[WHAT YOU NEED TO DO]
From the line below containing "اجرای ایزوگام در تهران" to the final line, print each line exactly as written. No pictures belong in the copy.

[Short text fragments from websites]

[Start of section]

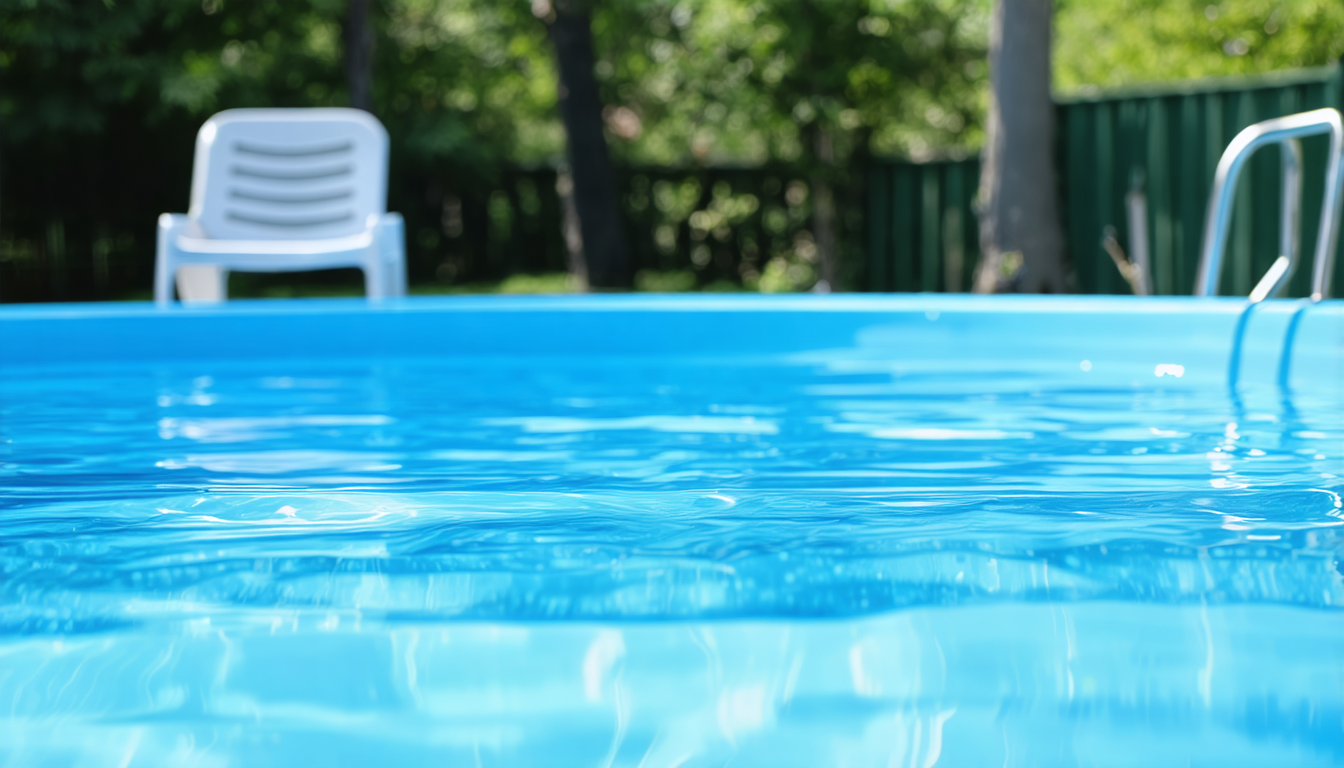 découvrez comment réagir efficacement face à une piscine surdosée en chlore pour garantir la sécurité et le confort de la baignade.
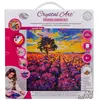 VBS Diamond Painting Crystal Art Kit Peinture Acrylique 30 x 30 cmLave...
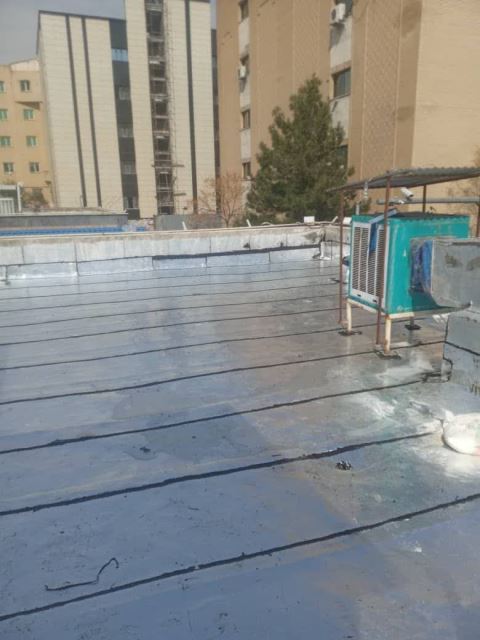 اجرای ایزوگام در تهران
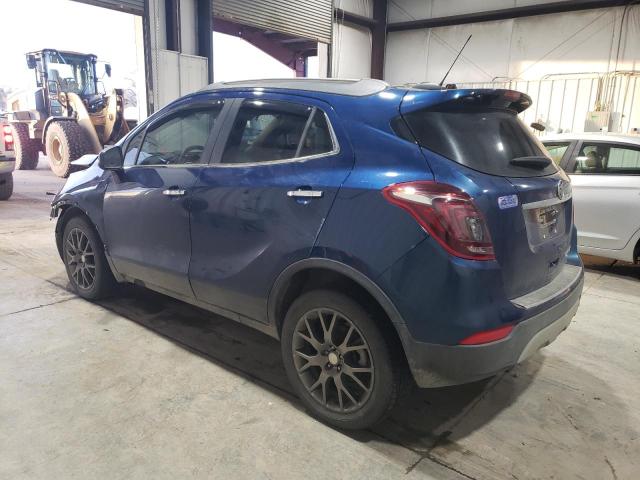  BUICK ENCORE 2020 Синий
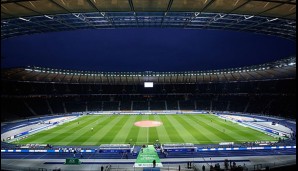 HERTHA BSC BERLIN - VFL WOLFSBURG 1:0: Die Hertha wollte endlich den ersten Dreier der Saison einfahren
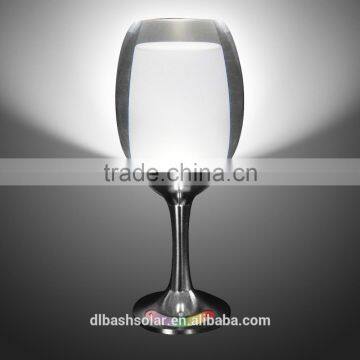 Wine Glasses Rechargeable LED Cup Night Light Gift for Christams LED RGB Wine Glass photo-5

[End of section]

[SOLUTION TO THIS EXERCISE]
 اجرای ایزوگام در تهران
  BUICK ENCORE 2020 Синий
 HERTHA BSC BERLIN - VFL WOLFSBURG 1:0: Die Hertha wollte endlich den ersten Dreier der Saison einfahren
 Wine Glasses Rechargeable LED Cup Night Light Gift for Christams LED RGB Wine Glass photo-5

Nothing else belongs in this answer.